We want to share a charge
Q between two bodies. One of the bodies receives a charge
q1 and the other a charge
q2. The splitting of the charges is made in
such a way that if you have
q1+
q2=
Q. Determine the ratio between
the charges so that the Coulomb's force of repulsion between
q1 and
q2
is maximum for any distance between the charges.
Solution
The problem gives us the condition that the sum of the shared charges is the total charge
\[
\begin{gather}
Q=q_{1}+q_{2} \tag{I}
\end{gather}
\]
The electric force Fel is given by
Coulomb's Law
\[ \bbox[#99CCFF,10px]
{F_{el}=\frac{1}{4\pi \varepsilon_{0}}\frac{|q_{A}||q_{B}|}{r^{2}}}
\]
\[
\begin{gather}
F_{el}=\frac{1}{4\pi \varepsilon _{0}}\frac{q_{1}q_{2}}{r^{2}} \tag{II}
\end{gather}
\]
From the condition (I), we can write the charge
q2 as a function of charge
q1
\[
\begin{gather}
q_{2}=Q-q_{1} \tag{III}
\end{gather}
\]
defining the constant term as
\( k_{0}=\frac{1}{4\pi \epsilon _{0}} \)
and substituting the expression (III) into expression (II)
\[
\begin{gather}
F_{el}=k_{0}\frac{q_{1}(Q-q_{1})}{r^{2}}\\
F_{el}=\frac{k_{0}}{r^{2}}(Qq_{1}-q_{1}^{2}) \tag{IV}
\end{gather}
\]
To find the maximum point of the expression (IV), we take the derivative of the function relative to
q1 and equal to zero.
\[
\begin{gather}
\frac{dF_{el}}{dq_{1}}=0\\
\frac{d}{dq_{1}}\left[\frac{k_{0}}{r^{2}}(Qq_{1}-q_{1}^{2})\right]=0
\end{gather}
\]
Differentiation of
\( \displaystyle F_{el}=\frac{k_{0}}{r^{2}}(Qq_{1}-q_{1}^{2}) \)
the term
\( \frac{k_{0}}{r^{2}} \)
is moved outside of the derivative, and the derivative of a sum is equal to the sum of the derivatives
\[
\begin{gather}
\frac{dF_{el}}{dq_{1}}=\frac{k_{0}}{r^{2}}\left[\frac{d}{dq_{1}}(Qq_{1})-\frac{d}{dq_{1}}(q_{1}^{2})\right]\\
\frac{dF_{el}}{dq_{1}}=\frac{k_{0}}{r^{2}}\left[Q-2q_{1}\right]
\end{gather}
\]
\[
\begin{gather}
\frac{k_{0}}{r^{2}}(Q-2q_{1})=0\\
Q-2q_{1}=0.\frac{r^{2}}{k_{0}}\\
Q-2q_{1}=0\\
2q_{1}=Q\\q_{1}=\frac{Q}{2}
\end{gather}
\]
substituting this result in the expression (III), we obtain
q2
\[
\begin{gather}
q_{2}=Q-\frac{Q}{2}\\
q_{2}=\frac{2Q-Q}{2}\\
q_{2}=\frac{Q}{2}
\end{gather}
\]
\[ \bbox[#FFCCCC,10px]
{q_{1}=q_{2}=\frac{Q}{2}}
\]
The result is independent of the distance
r between the charges and the force is maximum when the
total load is equally divided between the bodies.

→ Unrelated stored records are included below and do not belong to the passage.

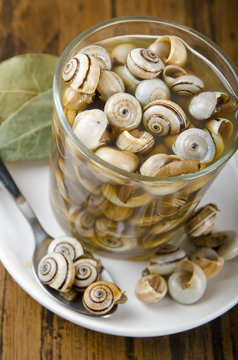 Snails on glass.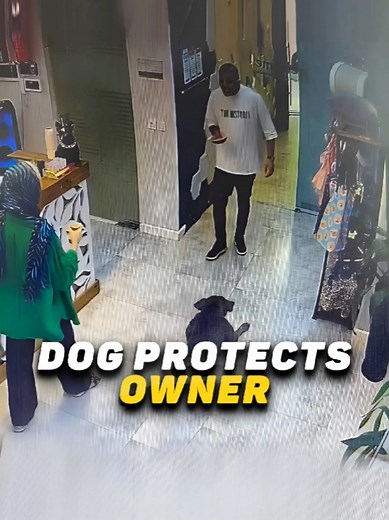 Loyal Dogs Protecting Their Owners | Heartwarming Compilation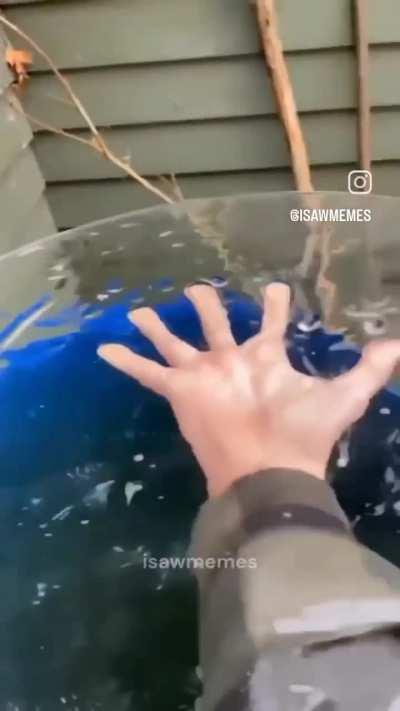 That ice break will be satisfying 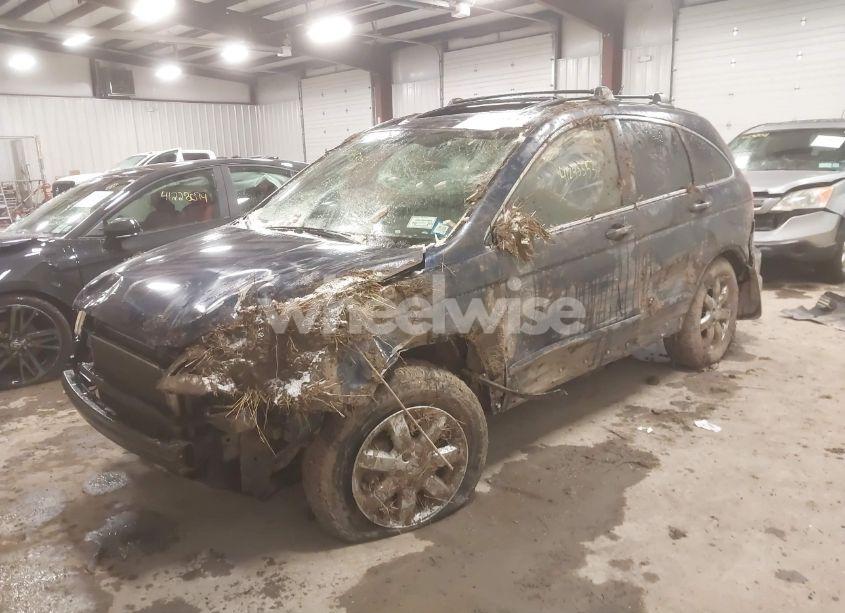 Photo 2 of 2007 Honda Cr-v EX-L (VIN JHLRE48737C120971)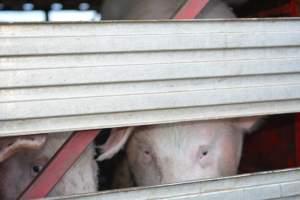 Pig in transport trucks - Captured at SA.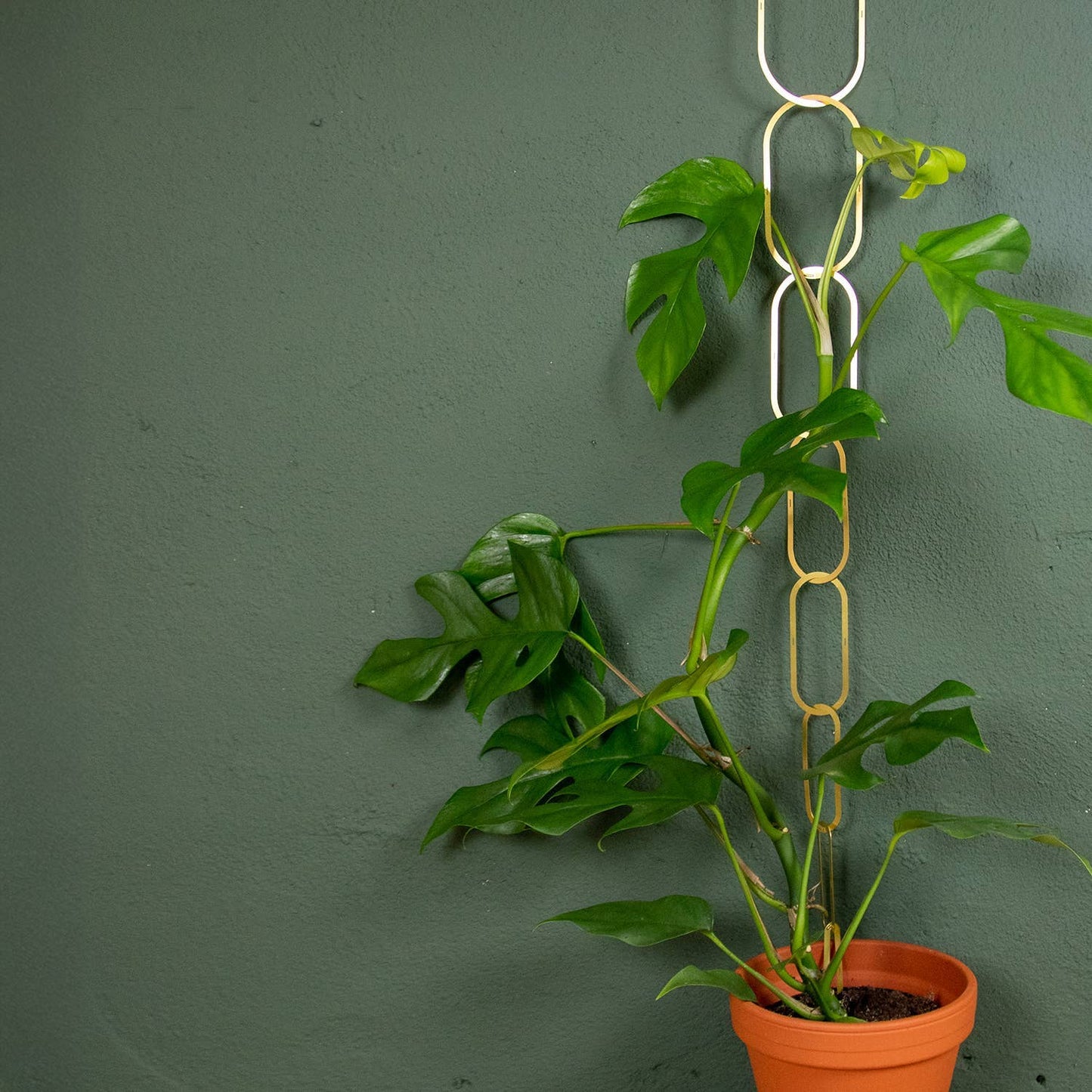 Gold Brass Chain - Plant Support for climbing plants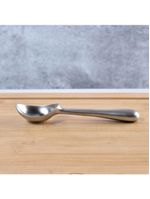 Colher de sorvete em zinco 16,5cm kenya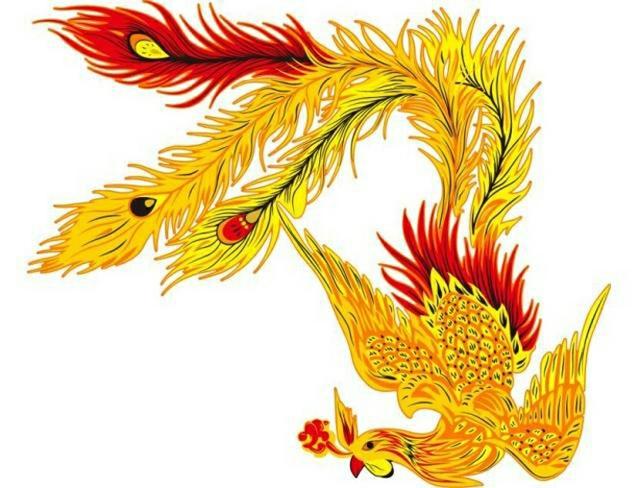 长翅膀的猫咪竟然真实存在:《山海经》中有哪些人、事、物已经被证实是真实的？ 长翅膀的猫咪是真的吗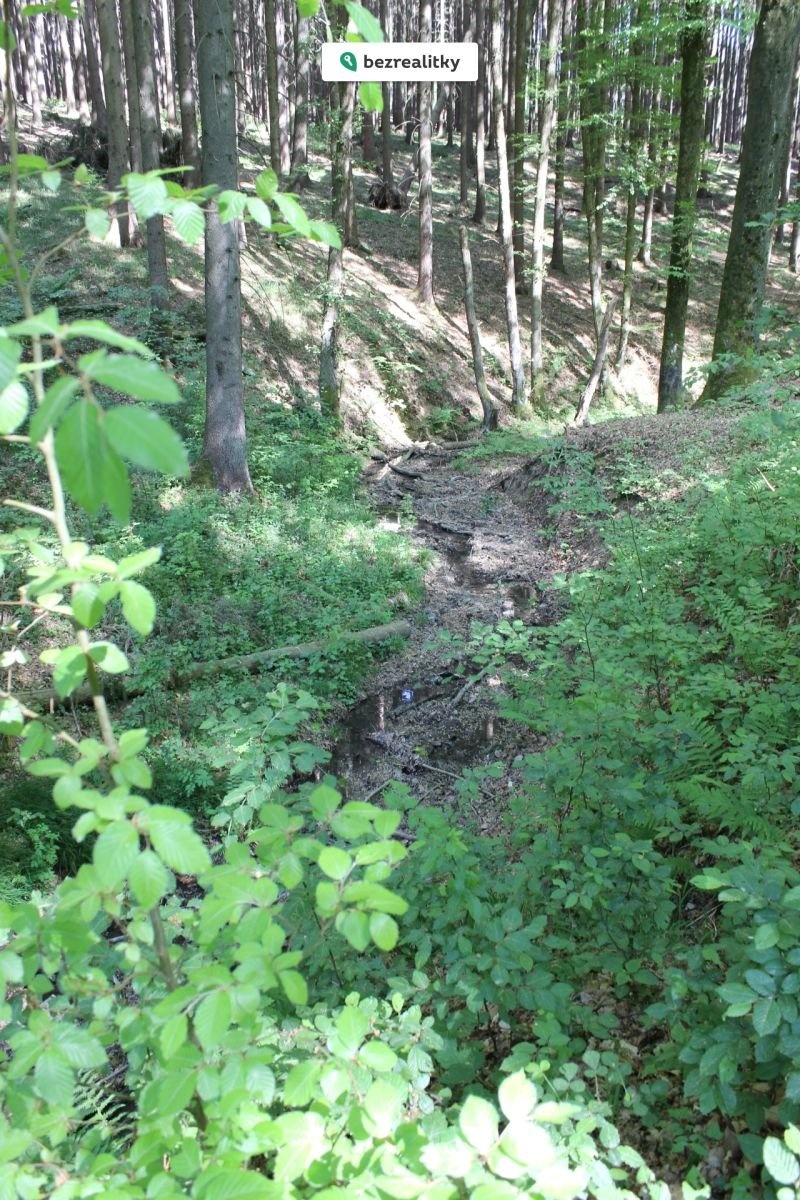 1764545287-eqtnlmffkt-img-6486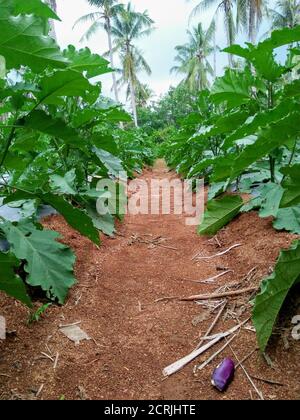 Vertikale Aufnahme von grünen Pflanzen Stockfoto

Note 1: The expression (IV) represents a quadratic function with the term of highest-degree
negative, q1 < 0, it is a parabola that opens down, so the function has a maximum
point.
Note 2: The same result would be obtained if we wrote q1 as a function of
q2,
\( q_{1}=Q-q_{2} \),
and take the derivative relative to q2,
\( \left(\frac{dF_{el}}{dq_{2}}=0\right) \).